- **INPUT DATA**
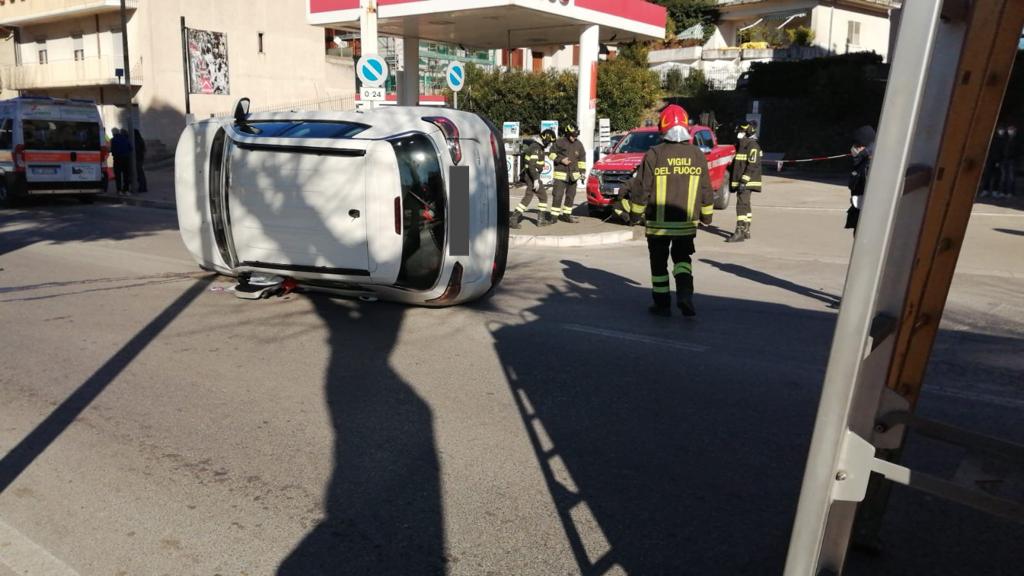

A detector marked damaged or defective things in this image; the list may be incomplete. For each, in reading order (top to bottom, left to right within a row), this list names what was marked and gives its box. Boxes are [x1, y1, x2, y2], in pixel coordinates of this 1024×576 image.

overturned white car [179, 101, 512, 305]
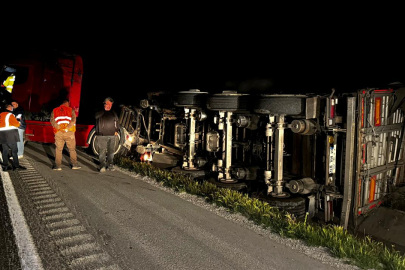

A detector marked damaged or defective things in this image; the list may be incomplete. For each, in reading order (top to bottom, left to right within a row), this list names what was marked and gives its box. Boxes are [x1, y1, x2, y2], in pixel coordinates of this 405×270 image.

overturned truck [106, 87, 404, 230]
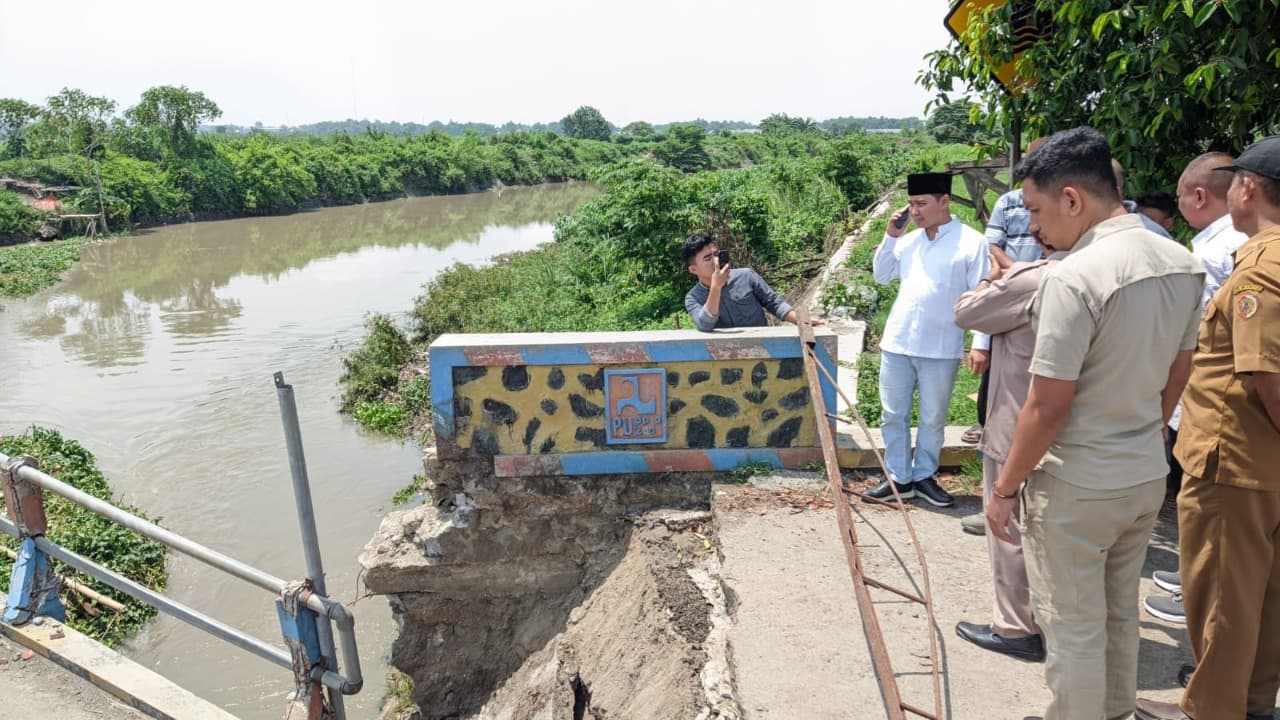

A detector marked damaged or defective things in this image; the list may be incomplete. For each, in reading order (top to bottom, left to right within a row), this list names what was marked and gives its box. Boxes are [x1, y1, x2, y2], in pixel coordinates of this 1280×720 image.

broken concrete edge [0, 609, 235, 717]
rusty metal bracket [793, 308, 947, 717]
rusty rebar frame [793, 310, 947, 720]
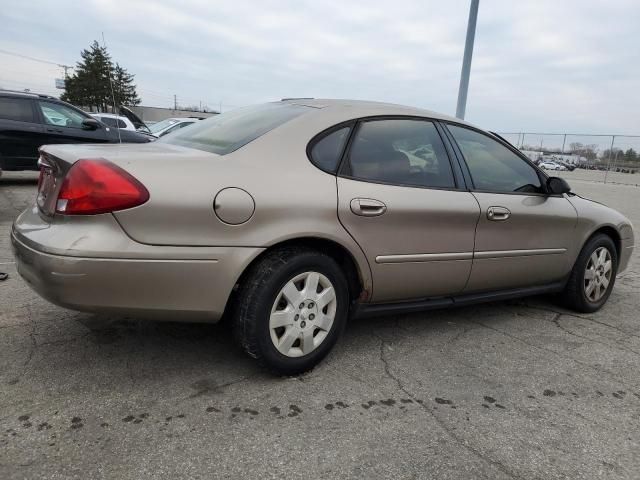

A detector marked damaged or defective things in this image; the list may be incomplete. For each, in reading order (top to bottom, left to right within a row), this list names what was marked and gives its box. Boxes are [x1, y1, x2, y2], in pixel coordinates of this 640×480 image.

cracked asphalt [1, 171, 640, 478]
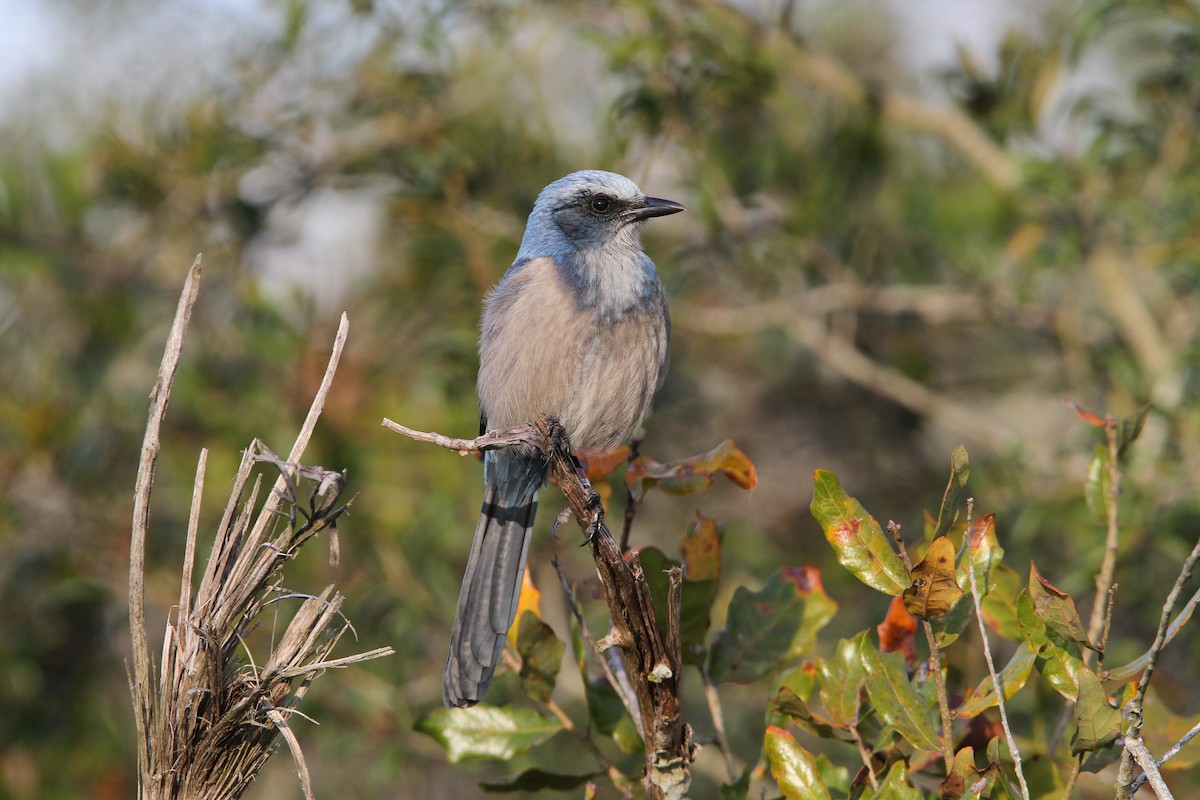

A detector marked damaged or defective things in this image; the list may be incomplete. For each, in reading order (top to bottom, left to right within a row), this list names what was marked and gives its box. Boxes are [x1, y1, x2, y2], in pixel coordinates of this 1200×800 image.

dry broken stick [131, 260, 393, 796]
dry broken stick [384, 417, 696, 796]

- **TASK PROMPT**
Leave the pictures aside. Set down exactly the lines from the one with "this 1280×720 image." through the final line of the listing above.

- **FINAL ANSWER**
A detector marked damaged or defective things in this image; the list may be incomplete. For each, in reading order (top to bottom, left to right within a row), this list names what was marked and gives its box. Boxes are [x1, y1, x2, y2], in pixel coordinates of this 1280×720 image.

broken concrete edge [0, 609, 235, 717]
rusty metal bracket [793, 308, 947, 717]
rusty rebar frame [793, 310, 947, 720]

A detector marked damaged or defective things in this image; the list may be incomplete. For each, in reading order (top to bottom, left to right within a row), this list names what was marked and gives its box. Boxes are [x1, y1, x2, y2], in pixel coordinates of this 640×480 image.

cracked asphalt [1, 171, 640, 478]

A detector marked damaged or defective things in this image; the list may be incomplete. For each, in reading order (top to bottom, left to right within a row), this list names what was marked and gives its box. Boxes are [x1, y1, x2, y2], in pixel coordinates of this 1200×800 image.

dry broken stick [131, 260, 393, 796]
dry broken stick [384, 417, 696, 796]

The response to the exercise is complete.